* [Data listing]
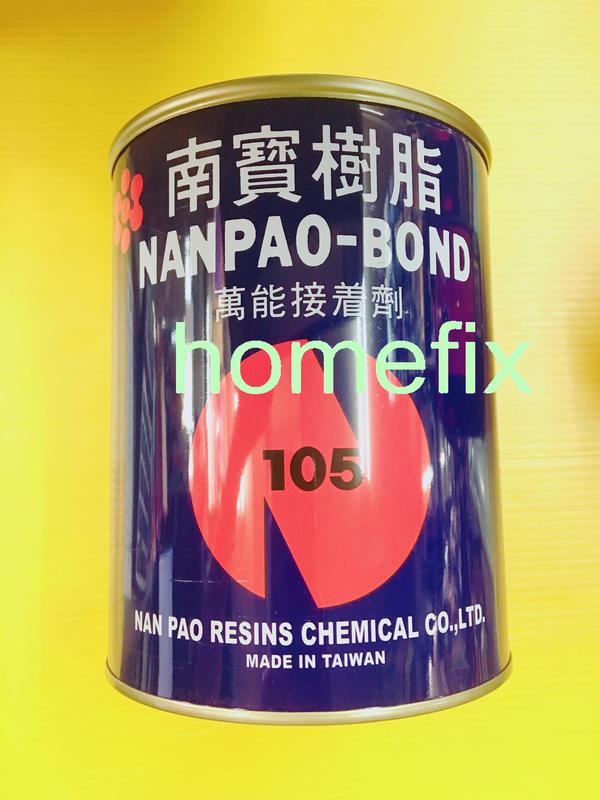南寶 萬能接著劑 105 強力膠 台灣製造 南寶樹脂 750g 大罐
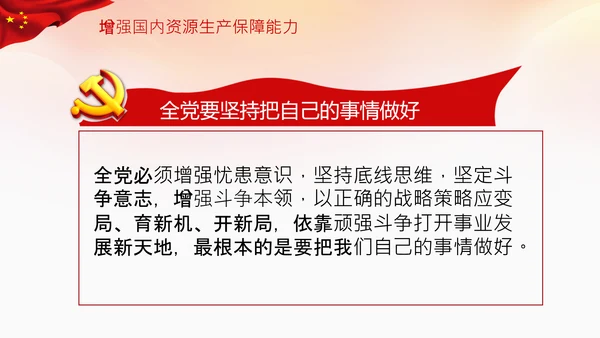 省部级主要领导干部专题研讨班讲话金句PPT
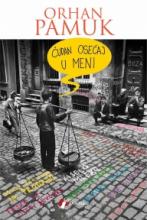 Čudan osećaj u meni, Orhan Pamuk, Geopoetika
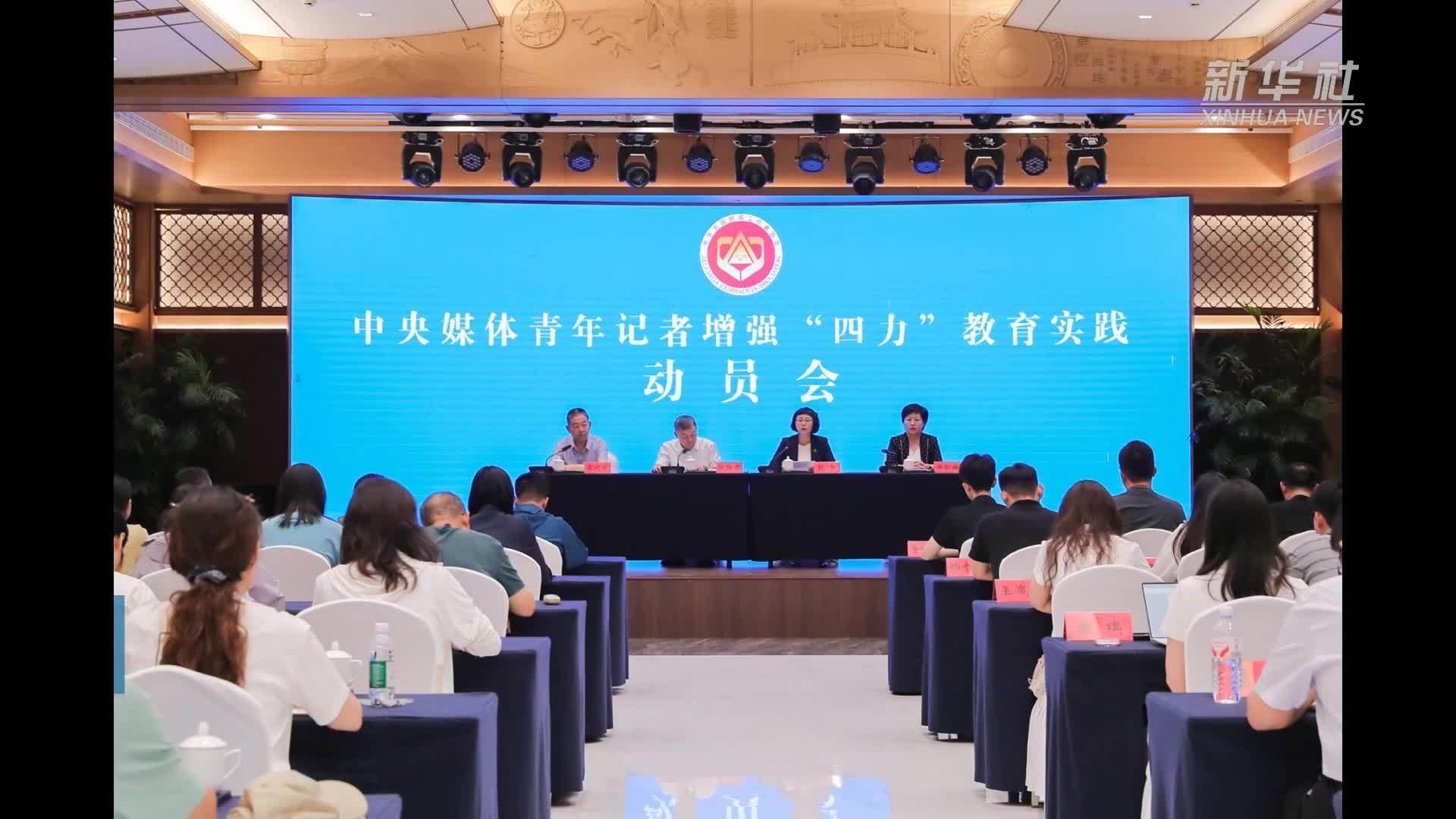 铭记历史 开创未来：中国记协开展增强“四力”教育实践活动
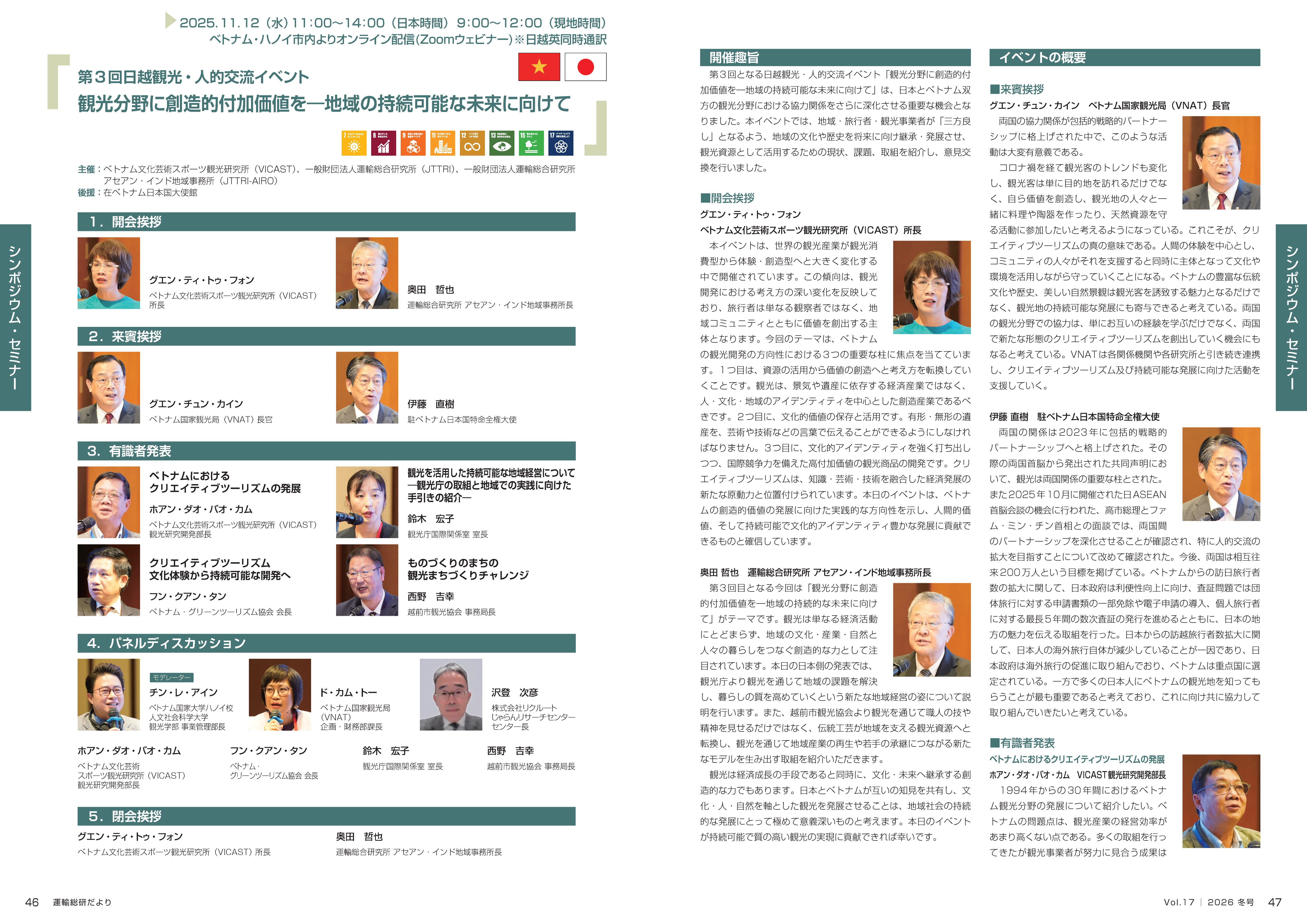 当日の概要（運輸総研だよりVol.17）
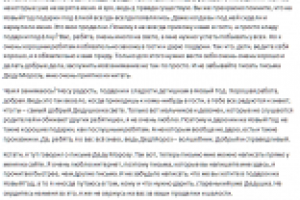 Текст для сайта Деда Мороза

--

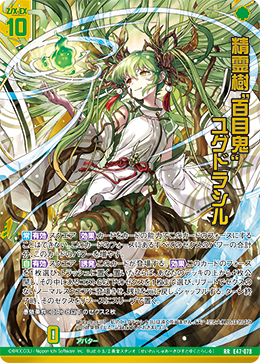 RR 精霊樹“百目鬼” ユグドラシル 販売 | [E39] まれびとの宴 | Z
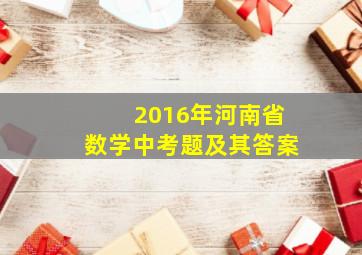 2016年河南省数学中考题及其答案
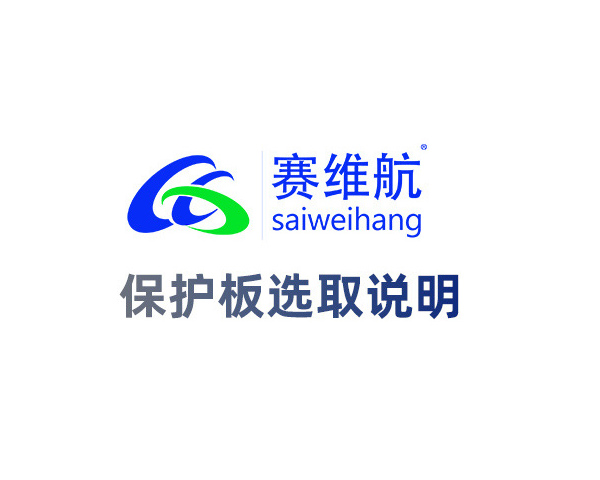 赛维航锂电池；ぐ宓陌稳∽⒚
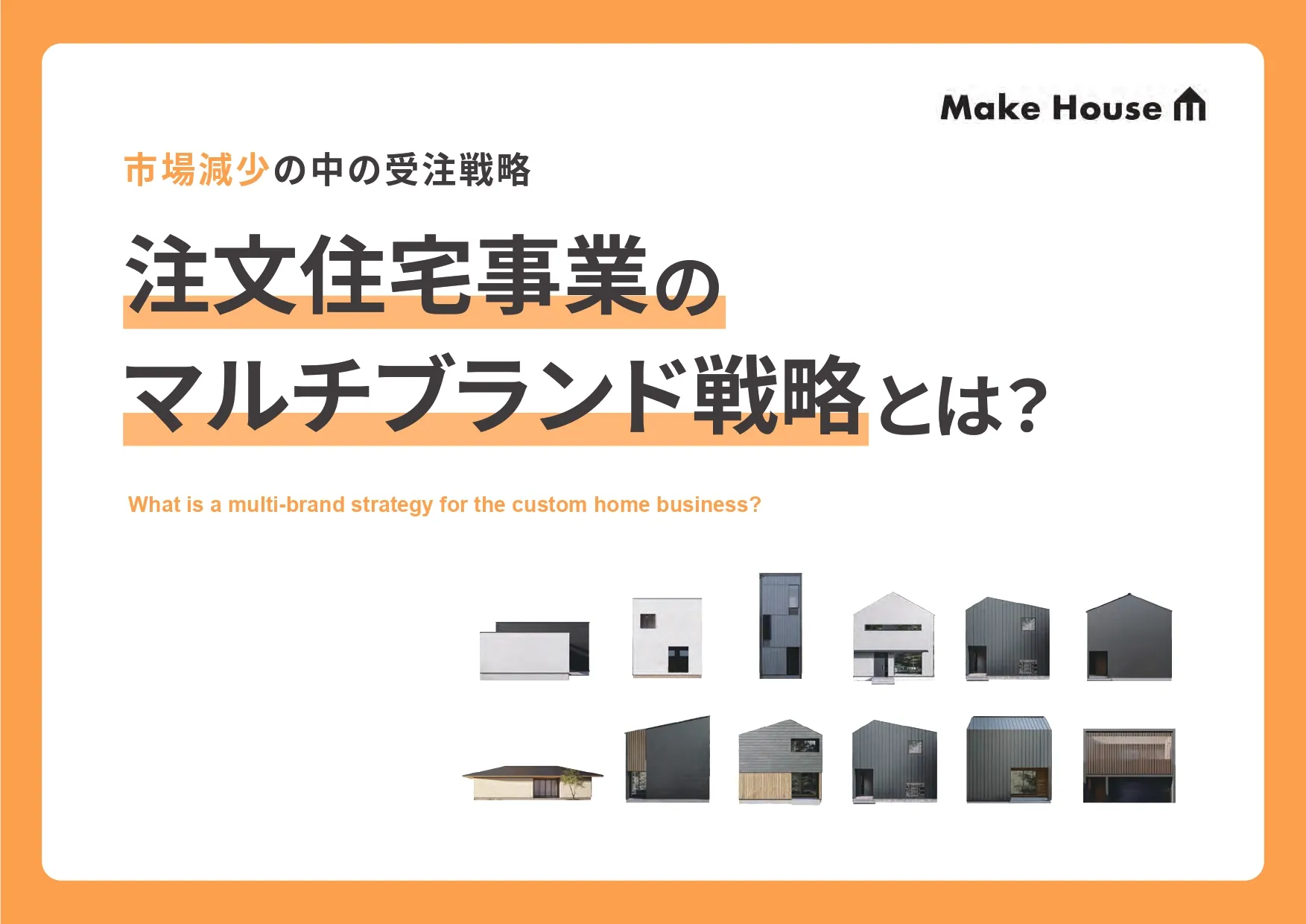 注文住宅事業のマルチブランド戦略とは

* [Exercise details] Going back to the data above, write out everything from the line with "[E39] まれびとの宴 | Z" down to the line with "注文住宅事業のマルチブランド戦略とは", both included, leaving every picture out.

* [Exercise solution]
 RR 精霊樹“百目鬼” ユグドラシル 販売 | [E39] まれびとの宴 | Z
 2016年河南省数学中考题及其答案
 赛维航锂电池；ぐ宓陌稳∽⒚
 注文住宅事業のマルチブランド戦略とは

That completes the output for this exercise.